*** Data extract ***

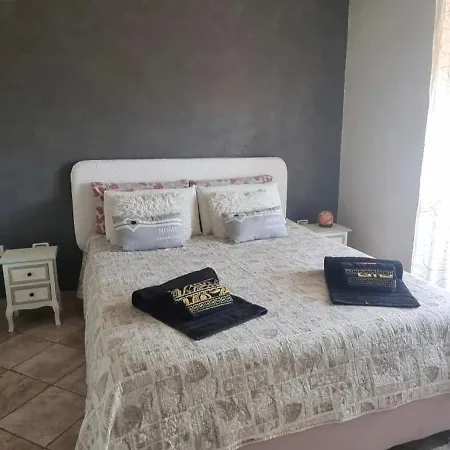 Magic Dalu Con Posto Auto Όλμπια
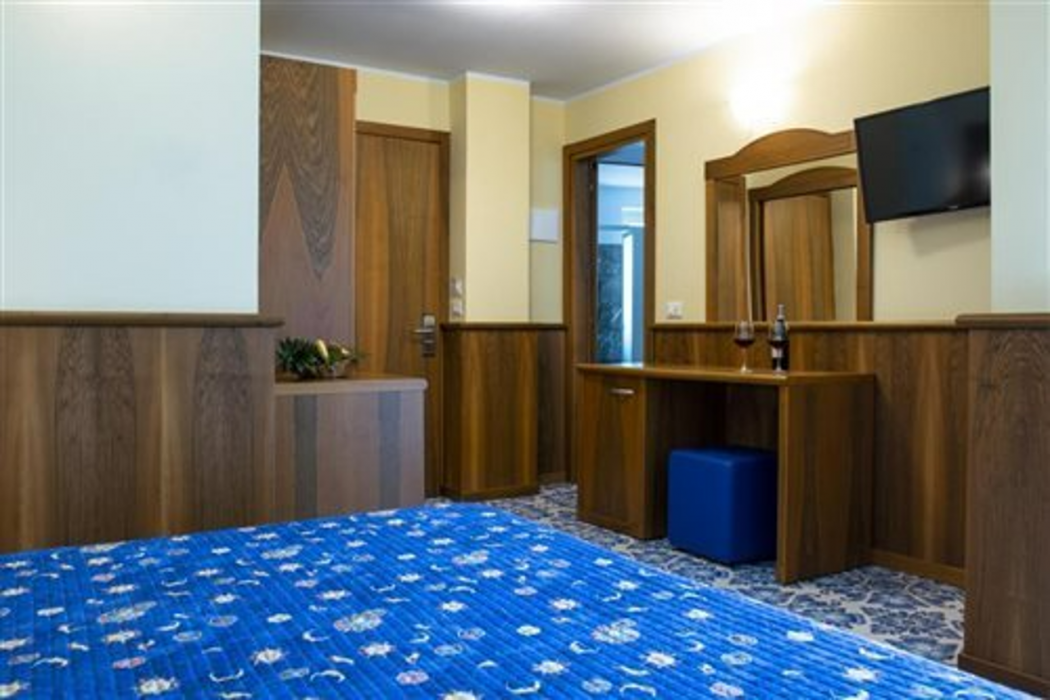Panoramic Hotel 20/45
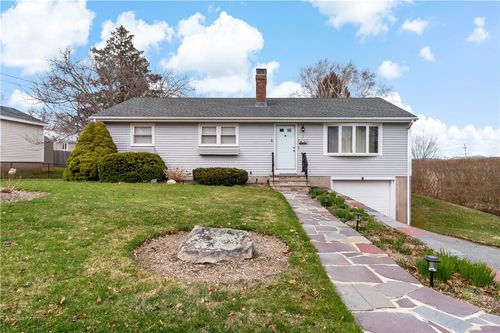 3 Paul Ave, Middletown, RI, 02842-4926 | Card Image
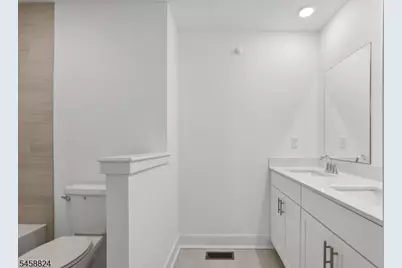 69 Eastwood Ter, East Hanover Township, NJ 07936 - Photo 25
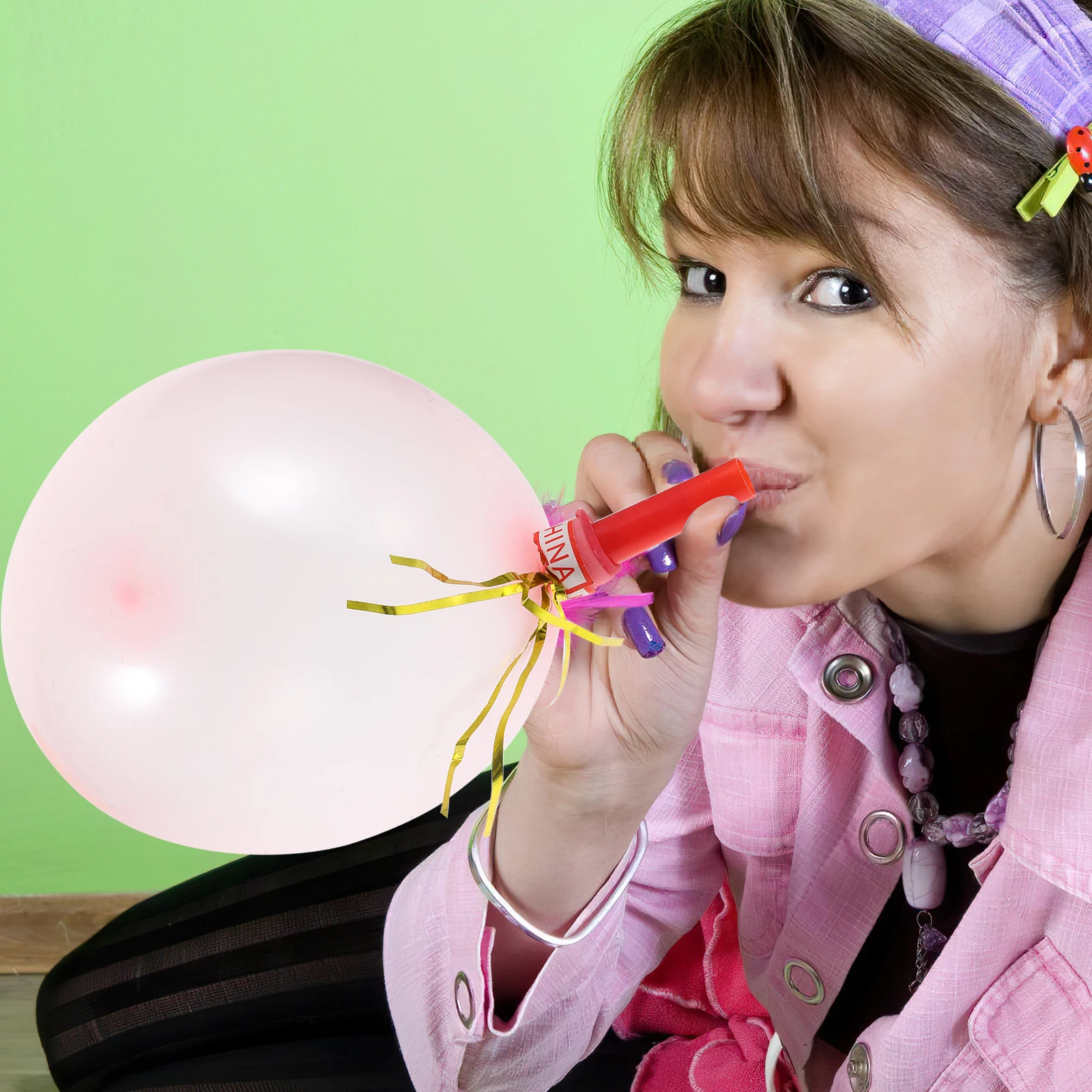 

100 шт. воздушных шаров-свистульок, случайные цвета, металлические, с бахромой, для Рождества, Хэллоуина, дня рождения, шумных мероприятий, развлечений для детей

***

### Task brief
Please transcribe all of the entries exactly and omit any picture they hold.

### Your solution
 Magic Dalu Con Posto Auto Όλμπια
Panoramic Hotel 20/45
 3 Paul Ave, Middletown, RI, 02842-4926 | Card Image
 69 Eastwood Ter, East Hanover Township, NJ 07936 - Photo 25

100 шт. воздушных шаров-свистульок, случайные цвета, металлические, с бахромой, для Рождества, Хэллоуина, дня рождения, шумных мероприятий, развлечений для детей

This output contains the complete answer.